Recent trends of technological evolution and evergrowing electromagnetic vulnerability of national infrastructures (power and water supply, communications, etc) have come under military consideration long since. Military research centers of almost all developed nations have carried out intensive research and development on special weapons capable of destroying electronic equipment. Mass media have published dozens of articles discussing methods for increasing efficiency of electromagnetic actions aimed at destroying electronic equipment [8-12].

High-altitude nuclear explosions have an extremely high destructive effect. An explosion at an altitude of 200-300 km wouldn’t have any influence on humans and would escape detection while the resultant electromagnetic pulse (rather a range of pulses with different characteristics) would cause a catastrophe for electronics and computers of the whole country (see Table 1). The electric power industry can suffer heavily due to long mileage of overhead electric lines acting as giant antennas absorbing electromagnetic pulse energy over a large territory and delivering it directly to the power stations and substations apparatus. Considering the special hazard of such an explosion to the power energy industry, the International Electrotechnical Commission (IEC) developed a series of specific standards detailing methods for testing electric power lines and other power equipment in order to evaluate their resistance to high-altitude nuclear explosions [13-31].
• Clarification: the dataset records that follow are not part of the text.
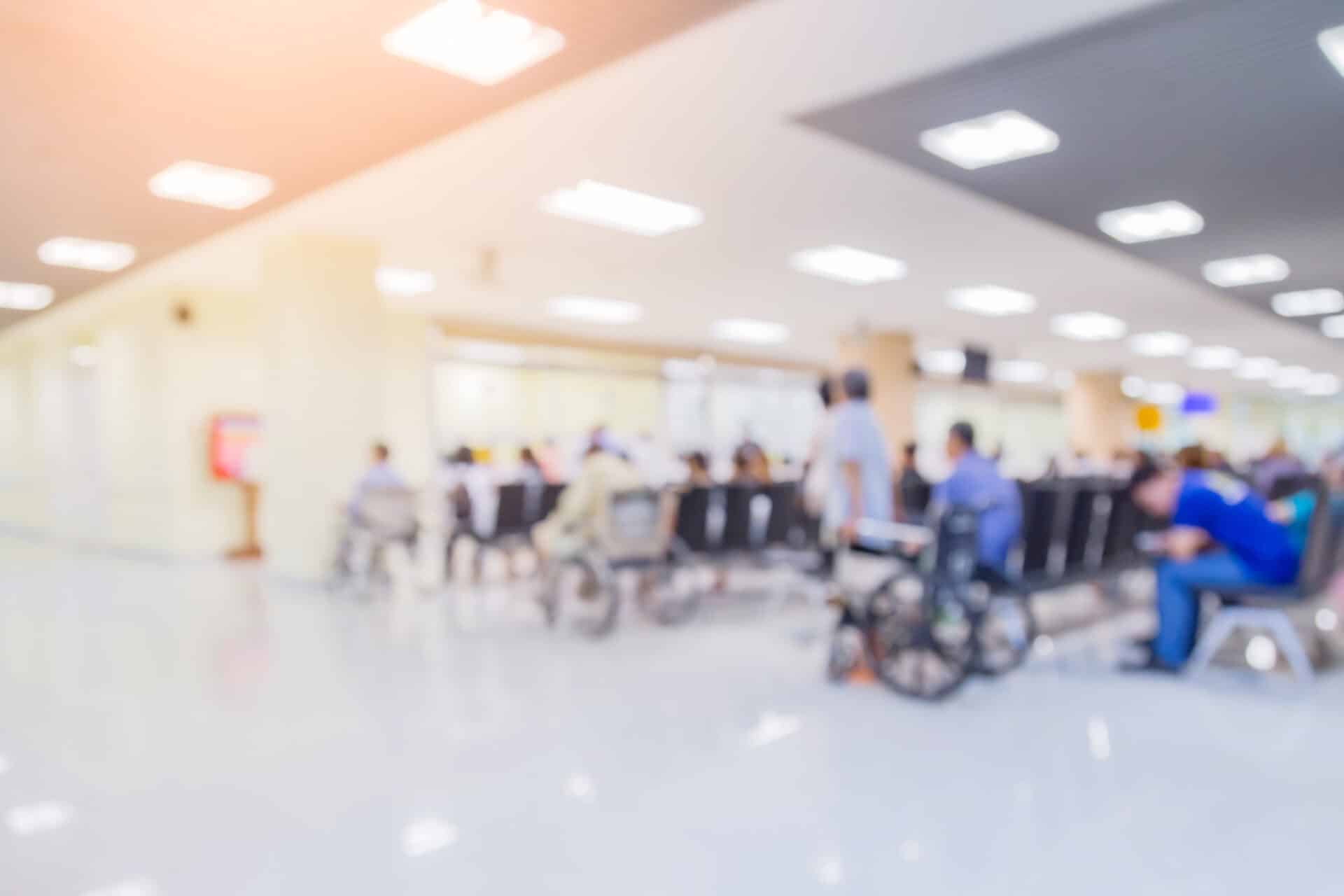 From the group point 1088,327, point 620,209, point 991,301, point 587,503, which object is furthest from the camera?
point 1088,327

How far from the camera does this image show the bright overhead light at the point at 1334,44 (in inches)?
147

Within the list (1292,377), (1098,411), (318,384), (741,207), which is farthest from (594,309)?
(1292,377)

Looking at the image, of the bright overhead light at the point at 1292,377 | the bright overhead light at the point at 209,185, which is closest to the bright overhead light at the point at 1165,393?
the bright overhead light at the point at 1292,377

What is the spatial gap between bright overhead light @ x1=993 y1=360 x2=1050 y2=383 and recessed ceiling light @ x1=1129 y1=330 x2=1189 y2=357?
2437 millimetres

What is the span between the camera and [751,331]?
560 inches

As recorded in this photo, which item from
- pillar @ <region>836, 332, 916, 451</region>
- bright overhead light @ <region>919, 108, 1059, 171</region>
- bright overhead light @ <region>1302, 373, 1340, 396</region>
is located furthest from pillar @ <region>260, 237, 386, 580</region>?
bright overhead light @ <region>1302, 373, 1340, 396</region>

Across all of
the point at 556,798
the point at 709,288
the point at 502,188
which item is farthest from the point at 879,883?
the point at 709,288

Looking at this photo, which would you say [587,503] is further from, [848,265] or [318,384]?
[848,265]

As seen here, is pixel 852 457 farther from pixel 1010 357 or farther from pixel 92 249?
pixel 1010 357

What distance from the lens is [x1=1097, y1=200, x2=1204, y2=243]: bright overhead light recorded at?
22.0 ft

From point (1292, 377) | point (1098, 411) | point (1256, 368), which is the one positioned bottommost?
point (1098, 411)

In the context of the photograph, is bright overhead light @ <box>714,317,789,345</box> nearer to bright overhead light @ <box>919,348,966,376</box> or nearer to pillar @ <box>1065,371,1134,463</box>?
bright overhead light @ <box>919,348,966,376</box>

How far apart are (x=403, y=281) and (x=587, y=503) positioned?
5403 millimetres

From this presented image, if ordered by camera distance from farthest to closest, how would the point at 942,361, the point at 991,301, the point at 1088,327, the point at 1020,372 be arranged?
the point at 1020,372 < the point at 942,361 < the point at 1088,327 < the point at 991,301
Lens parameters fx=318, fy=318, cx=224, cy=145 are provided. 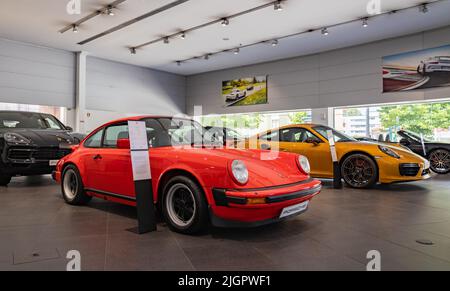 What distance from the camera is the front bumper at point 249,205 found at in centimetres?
240

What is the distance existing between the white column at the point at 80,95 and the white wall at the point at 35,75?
0.79ft

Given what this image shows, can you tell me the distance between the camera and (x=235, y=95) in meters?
13.5

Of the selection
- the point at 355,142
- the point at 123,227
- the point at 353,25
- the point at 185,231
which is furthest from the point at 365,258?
the point at 353,25

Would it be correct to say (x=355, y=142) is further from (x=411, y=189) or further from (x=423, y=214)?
(x=423, y=214)

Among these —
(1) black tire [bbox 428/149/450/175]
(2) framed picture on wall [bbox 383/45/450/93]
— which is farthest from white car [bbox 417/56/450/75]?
(1) black tire [bbox 428/149/450/175]

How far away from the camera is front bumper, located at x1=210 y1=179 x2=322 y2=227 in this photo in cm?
240

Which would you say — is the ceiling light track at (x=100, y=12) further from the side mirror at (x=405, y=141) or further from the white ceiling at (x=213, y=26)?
the side mirror at (x=405, y=141)

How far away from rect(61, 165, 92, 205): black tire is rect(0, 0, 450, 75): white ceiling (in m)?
4.69

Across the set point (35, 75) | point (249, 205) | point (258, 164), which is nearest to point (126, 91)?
point (35, 75)

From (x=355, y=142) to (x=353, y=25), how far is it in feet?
14.5

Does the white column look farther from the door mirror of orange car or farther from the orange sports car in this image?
the door mirror of orange car

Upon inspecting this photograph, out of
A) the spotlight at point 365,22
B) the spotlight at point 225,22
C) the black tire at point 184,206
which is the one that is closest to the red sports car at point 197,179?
the black tire at point 184,206

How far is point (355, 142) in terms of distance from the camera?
555cm

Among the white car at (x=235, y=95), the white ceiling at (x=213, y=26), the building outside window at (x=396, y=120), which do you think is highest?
the white ceiling at (x=213, y=26) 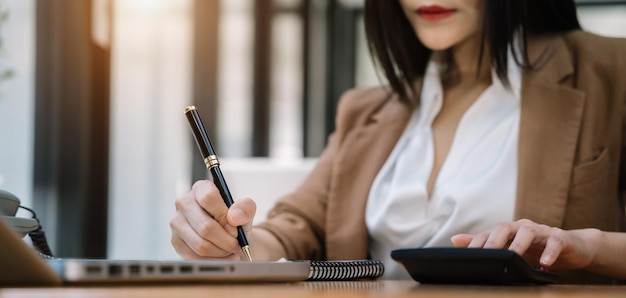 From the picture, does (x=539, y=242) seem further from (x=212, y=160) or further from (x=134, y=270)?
(x=134, y=270)

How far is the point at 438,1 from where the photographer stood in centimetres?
160

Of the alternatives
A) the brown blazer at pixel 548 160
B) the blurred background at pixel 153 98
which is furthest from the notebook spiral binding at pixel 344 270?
the blurred background at pixel 153 98

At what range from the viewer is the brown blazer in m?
1.47

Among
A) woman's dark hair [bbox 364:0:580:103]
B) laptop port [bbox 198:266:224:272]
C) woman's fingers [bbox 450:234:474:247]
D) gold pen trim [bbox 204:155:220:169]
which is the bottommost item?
woman's fingers [bbox 450:234:474:247]

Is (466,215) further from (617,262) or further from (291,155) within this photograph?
(291,155)

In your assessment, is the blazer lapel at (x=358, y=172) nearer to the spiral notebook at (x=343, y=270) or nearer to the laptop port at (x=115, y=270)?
the spiral notebook at (x=343, y=270)

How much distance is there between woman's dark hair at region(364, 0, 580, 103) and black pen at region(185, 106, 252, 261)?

If the recent tendency (i.e., "Smart Grid" concept) will be widely implemented in power industry, even a single high-altitude nuclear explosion will immediately kill all national power industry, as shown in [32], which makes it especially attractive to warring parties.

2. CLASSIFICATION AND CHARACTERISTICS OF INTENTIONAL DESTRUCTIVE ELECTROMAGNETIC IMPACTS

English-language publications call the intentional destructive electromagnetic impacts as "High Power Electromagnetic Threats (HPEM)" divided into two types: "High-Altitude Electromagnetic Pulse (HEMP)" and "Intentional Electromagnetic Interference (IEMI)".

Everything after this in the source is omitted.